Go to the line that contains "Zdjęcie w galerii" and transcribe from there to the end of the entries, that line and the last one included.

::: Data shown :::

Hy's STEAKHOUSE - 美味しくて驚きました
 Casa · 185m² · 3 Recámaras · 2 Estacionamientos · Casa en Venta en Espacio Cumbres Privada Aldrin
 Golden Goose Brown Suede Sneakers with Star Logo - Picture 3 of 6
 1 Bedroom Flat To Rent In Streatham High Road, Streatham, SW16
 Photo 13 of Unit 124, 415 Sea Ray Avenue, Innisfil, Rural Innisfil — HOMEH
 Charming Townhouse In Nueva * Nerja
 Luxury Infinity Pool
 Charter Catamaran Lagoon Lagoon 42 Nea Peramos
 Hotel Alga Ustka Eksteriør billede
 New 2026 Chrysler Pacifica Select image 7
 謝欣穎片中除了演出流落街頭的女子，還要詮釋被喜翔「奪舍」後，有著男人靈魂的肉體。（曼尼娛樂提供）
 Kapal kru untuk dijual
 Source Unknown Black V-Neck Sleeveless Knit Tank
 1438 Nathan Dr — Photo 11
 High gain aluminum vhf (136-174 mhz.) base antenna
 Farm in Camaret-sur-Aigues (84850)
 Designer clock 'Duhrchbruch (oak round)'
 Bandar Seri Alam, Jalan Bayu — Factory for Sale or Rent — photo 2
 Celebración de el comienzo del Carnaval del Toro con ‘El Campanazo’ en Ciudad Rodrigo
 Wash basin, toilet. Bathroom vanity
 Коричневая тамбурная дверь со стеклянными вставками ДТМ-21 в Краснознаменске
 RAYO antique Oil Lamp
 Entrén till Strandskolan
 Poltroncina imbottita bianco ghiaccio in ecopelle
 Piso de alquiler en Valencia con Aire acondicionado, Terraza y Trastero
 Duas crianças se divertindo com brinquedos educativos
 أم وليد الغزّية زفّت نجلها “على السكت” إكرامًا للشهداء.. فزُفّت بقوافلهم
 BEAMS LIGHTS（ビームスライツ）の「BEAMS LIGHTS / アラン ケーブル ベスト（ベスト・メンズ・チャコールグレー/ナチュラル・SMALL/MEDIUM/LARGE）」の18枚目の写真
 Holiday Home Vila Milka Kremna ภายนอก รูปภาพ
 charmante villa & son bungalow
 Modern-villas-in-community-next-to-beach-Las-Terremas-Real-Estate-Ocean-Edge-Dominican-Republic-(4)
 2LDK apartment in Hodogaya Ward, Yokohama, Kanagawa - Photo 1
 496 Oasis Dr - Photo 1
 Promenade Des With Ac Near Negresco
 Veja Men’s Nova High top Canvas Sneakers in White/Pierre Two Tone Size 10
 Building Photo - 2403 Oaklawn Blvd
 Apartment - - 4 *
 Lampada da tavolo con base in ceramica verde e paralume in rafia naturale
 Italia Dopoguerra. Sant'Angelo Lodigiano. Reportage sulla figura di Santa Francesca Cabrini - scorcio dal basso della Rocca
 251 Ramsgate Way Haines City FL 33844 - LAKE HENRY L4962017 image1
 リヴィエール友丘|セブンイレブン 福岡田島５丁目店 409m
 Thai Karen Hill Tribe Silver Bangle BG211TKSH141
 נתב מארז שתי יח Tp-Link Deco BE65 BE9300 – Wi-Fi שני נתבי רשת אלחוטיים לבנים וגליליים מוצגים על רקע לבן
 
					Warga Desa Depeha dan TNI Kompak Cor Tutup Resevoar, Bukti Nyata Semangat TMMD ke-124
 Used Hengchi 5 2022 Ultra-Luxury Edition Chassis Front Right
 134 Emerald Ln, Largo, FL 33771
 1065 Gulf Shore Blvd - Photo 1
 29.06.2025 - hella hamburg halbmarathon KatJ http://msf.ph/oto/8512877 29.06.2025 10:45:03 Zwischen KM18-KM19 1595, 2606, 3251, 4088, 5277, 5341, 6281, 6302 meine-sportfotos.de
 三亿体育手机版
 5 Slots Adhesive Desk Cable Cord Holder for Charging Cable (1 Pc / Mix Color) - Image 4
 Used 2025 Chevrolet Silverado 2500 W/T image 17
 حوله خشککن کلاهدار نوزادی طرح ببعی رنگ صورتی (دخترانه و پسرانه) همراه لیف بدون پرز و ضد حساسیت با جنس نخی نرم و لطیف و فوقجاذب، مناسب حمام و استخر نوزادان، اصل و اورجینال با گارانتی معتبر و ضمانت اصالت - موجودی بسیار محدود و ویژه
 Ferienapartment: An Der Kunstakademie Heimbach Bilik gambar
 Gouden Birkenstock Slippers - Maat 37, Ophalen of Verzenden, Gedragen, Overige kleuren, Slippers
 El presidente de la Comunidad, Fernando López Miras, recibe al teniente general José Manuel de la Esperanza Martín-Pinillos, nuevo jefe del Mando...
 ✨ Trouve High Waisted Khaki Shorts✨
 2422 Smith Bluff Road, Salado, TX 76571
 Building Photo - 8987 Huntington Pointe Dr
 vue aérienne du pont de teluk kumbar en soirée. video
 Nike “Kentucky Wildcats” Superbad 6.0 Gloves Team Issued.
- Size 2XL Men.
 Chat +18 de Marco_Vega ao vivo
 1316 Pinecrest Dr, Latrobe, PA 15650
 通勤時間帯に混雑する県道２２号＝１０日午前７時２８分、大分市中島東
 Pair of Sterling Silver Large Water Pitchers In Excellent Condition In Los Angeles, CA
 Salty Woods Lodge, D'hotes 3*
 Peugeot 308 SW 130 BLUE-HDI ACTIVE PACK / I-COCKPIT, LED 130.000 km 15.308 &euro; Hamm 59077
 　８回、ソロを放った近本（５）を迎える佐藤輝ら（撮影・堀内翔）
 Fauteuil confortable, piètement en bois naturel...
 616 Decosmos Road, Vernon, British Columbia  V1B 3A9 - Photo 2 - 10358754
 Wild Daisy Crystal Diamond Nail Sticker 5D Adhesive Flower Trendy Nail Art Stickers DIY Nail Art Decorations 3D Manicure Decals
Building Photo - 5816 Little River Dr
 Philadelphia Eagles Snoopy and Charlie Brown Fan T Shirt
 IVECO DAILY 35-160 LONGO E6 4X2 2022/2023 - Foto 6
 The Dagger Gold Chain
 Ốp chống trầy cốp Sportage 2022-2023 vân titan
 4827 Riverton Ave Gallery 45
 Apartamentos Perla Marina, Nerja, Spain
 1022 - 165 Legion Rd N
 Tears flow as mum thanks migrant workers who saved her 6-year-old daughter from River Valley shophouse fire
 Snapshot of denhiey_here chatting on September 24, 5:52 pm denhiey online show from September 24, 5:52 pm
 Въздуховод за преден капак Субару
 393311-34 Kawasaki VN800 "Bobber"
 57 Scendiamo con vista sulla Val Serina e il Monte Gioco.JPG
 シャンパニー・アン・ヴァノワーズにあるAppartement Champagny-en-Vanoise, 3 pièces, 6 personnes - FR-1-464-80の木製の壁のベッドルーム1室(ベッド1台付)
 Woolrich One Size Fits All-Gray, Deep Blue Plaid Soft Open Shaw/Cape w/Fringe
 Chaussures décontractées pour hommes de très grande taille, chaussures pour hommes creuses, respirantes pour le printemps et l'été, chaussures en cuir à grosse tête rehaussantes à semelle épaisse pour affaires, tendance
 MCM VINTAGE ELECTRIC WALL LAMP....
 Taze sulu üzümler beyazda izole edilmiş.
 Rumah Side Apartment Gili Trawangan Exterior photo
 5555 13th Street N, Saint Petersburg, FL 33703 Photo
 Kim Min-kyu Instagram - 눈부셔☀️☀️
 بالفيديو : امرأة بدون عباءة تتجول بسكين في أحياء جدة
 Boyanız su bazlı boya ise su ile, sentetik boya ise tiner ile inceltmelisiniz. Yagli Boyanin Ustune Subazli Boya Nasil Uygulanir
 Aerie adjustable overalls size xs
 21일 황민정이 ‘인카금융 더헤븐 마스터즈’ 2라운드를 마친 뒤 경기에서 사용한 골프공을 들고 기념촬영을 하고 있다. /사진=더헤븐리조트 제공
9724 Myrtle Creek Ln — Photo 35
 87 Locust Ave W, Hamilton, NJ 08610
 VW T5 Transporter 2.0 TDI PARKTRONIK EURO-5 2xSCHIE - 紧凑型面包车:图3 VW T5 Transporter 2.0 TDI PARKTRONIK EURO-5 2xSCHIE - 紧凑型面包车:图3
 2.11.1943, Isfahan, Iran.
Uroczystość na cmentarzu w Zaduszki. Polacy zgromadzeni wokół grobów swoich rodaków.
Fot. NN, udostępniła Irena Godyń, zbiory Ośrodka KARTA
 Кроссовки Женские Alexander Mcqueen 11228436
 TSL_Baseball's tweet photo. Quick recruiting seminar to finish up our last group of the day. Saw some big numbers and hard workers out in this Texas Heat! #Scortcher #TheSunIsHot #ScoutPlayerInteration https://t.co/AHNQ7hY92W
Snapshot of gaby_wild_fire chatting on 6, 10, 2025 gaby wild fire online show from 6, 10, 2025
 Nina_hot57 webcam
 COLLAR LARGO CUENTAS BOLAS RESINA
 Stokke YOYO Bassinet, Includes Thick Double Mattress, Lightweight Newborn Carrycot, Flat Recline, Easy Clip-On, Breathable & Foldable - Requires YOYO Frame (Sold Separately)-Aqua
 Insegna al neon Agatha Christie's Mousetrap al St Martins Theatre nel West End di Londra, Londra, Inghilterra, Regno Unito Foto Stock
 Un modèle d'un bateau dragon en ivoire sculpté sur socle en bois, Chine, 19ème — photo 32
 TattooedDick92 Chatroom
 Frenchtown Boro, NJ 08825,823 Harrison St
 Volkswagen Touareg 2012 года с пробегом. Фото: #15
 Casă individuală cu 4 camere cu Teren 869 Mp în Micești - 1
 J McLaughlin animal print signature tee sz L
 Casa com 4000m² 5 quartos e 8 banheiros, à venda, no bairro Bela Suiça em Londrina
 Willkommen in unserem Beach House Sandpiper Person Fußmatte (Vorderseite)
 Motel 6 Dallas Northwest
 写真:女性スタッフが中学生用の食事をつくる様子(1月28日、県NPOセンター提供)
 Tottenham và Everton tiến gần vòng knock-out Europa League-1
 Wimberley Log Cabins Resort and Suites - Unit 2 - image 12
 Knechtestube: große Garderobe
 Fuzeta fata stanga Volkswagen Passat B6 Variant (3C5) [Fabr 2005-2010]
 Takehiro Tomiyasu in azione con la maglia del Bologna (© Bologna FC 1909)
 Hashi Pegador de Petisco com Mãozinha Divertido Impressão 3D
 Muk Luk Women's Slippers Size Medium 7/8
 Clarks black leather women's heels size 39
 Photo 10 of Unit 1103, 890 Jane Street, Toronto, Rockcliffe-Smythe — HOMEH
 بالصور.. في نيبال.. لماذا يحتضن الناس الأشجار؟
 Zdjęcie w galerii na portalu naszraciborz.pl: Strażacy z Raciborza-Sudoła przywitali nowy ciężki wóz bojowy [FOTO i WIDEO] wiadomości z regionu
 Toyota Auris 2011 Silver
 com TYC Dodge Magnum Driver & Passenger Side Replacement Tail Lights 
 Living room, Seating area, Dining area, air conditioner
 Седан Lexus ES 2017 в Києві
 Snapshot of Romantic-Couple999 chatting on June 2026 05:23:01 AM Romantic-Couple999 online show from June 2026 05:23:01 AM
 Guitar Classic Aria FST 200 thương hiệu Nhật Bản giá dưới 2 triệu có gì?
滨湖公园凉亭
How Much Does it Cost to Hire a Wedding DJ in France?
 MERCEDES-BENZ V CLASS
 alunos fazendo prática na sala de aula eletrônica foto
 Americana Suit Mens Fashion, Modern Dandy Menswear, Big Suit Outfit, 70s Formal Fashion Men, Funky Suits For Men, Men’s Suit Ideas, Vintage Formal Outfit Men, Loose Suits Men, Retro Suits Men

:::

Solution to this exercise:
 Zdjęcie w galerii na portalu naszraciborz.pl: Strażacy z Raciborza-Sudoła przywitali nowy ciężki wóz bojowy [FOTO i WIDEO] wiadomości z regionu
 Toyota Auris 2011 Silver
 com TYC Dodge Magnum Driver & Passenger Side Replacement Tail Lights 
 Living room, Seating area, Dining area, air conditioner
 Седан Lexus ES 2017 в Києві
 Snapshot of Romantic-Couple999 chatting on June 2026 05:23:01 AM Romantic-Couple999 online show from June 2026 05:23:01 AM
 Guitar Classic Aria FST 200 thương hiệu Nhật Bản giá dưới 2 triệu có gì?
滨湖公园凉亭
How Much Does it Cost to Hire a Wedding DJ in France?
 MERCEDES-BENZ V CLASS
 alunos fazendo prática na sala de aula eletrônica foto
 Americana Suit Mens Fashion, Modern Dandy Menswear, Big Suit Outfit, 70s Formal Fashion Men, Funky Suits For Men, Men’s Suit Ideas, Vintage Formal Outfit Men, Loose Suits Men, Retro Suits Men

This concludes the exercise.